161話 痛覚耐性と反省
辛味に苦しんでいたら突然痛覚耐性を取得したぞ!?一体どういうことだ……確かこのゲームの耐性系って何度も毒やらを受けるとこで覚えられるって話だったよな。それなのに全く時間をかけずに覚えてしまったぞ?
「もしや濃縮薬やらで痛みを受けまくったのが原因か?」
「だ、大丈夫?我慢している顔をしているかと思ったら突然スンッて落ち着いたけど」
「大丈夫というか…大丈夫になったが正しいですかね」
『んむ~?』
どういう事と聞いてくるフェル。取り敢えずその口の周りについてる赤い汁を落とそうな…鮮血ネギの組織液か粘液なんだろうけど、不思議そうな顔をしていて口元に赤い液体があるのは若干ホラーだ。
「簡単に言えば耐性が付いたんだよ。

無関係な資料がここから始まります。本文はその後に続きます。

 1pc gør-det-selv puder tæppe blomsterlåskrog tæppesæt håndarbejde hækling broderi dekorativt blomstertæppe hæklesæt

痛覚耐性ってのがな」
『おおー…おぉ?』
「それって凄いのかって言われても、俺じゃわからん…パネットさんは何か知ってますかね?」
「勿論知っているわ。痛覚耐性を覚える方法の一つに辛い物を食べ続けるのがあるのよ~」
「そんな裏ルートがあったんですか」
驚きの習得方法だ…いや確かに辛味って痛覚が関係しているものだけどさ。だからってこういう方法を用意しておくとか思いもしなかったわ。
「それでもネギで覚えるのね…そんなに辛かったのー?」
「ええまぁ…」
『ん?』
良かったら食べる?とピリンさんにも鮮血ネギが刺さったフォークを近づけていく…流石に俺が苦しんだ後だし食わないと思う「頂きます!」……欲望に忠実だなぁ。
「うんうん!フェルちゃんからのあ~んだからとっても――辛い!!」
「でしょうね」
これで甘いとかだったら、パネットさんに目覚めの一撃をお願いしようかと思ったぞ。
「普通の強い辛味だと味覚だけの耐性になるのよ。でもライフが減るくらいの辛味になると、それを飛ばして普通の耐性を覚えるっていう真の裏ルートがあるのよね~」
「俺は見事にそっちを引いたってわけですか」
「そういうこと~」
成程なぁ…確かにちょっとだけどHPが減ってるわ。ただこれだけで習得出来るとは思えないし、濃縮薬も原因なんだろう……あの時に減っていたHPのどれぐらいを持っていたんだろうな、アレ。そして見事に娘の惨状をスルーですか。
『んぅ!』
「これで俺も同じものが食えるようになるって?まぁ確かに鮮血ネギの辛みは弱くなったけど…辛いと言えば辛いんだぞ」
ずーっと爽やかな辛味が襲ってきております。あくまで耐性が出来るだけで無効なわけじゃないもんな。
「耐性を上げていけば大丈夫なはずよ~」
「となるとこれからも辛いのを食っていけば何とかなる…」
『あむ!』
「いや、劇物液体はNGで頼む」
『むぅ』
不満げな顔をされても、もう一度なんて絶対に飲みたくないぞ!
「ほら、そこでネギの辛味をどうにかしようとしているピリンさんを見て考え直しなさい」
『……む』
ご納得いただけたようで何より。にしてもピリンさん牛乳をガバガバ飲んでるなー。
「酷い目にあったわ…フェルちゃんの誘惑に負けたばっかりに」
『やぅ』
別に誘惑はしてないんだけどとムッとした顔をしているが、今回はフェルが正しいな。なんせ食べるかって聞いただけだもの。
「もう少し落ち着きを持ちなさいな~」
「お母さんには言われたくないですー!メイプルシロップのおかげで夜遅くまで外にいたんだからね!」
「それは」
痛いところを突かれた顔をしているけど、真夜中まであの場所に居たってのは問題なので反省してください……俺もゴブリン狩りで似たようなことしたからそこは反省――――いや、あれは殲滅のためだから仕方ないか。
「さ、さて!お昼ご飯も終わったことだし宴会料理の続きをやらなくちゃいけないわ!モルトちゃんもいらっしゃ~い」
らららーとキッチンへ消えていきおった!あれは間違いなく今後もやるだろうな。
「全くもう…まぁいいわ」
「いいんですね」
『ふむぅ』
「いつもの事と言えばそうだから。それよりも早めに行った方がいいわよー」
「ですね」
もし料理に集中されてしまったら手が出せないからな!
因みにピリンが痛覚耐性を覚えていない理由は、パネットのお玉スマッシュがHPが減らないギリギリを見極めているって小ネタがあったりします。無駄な所で器用!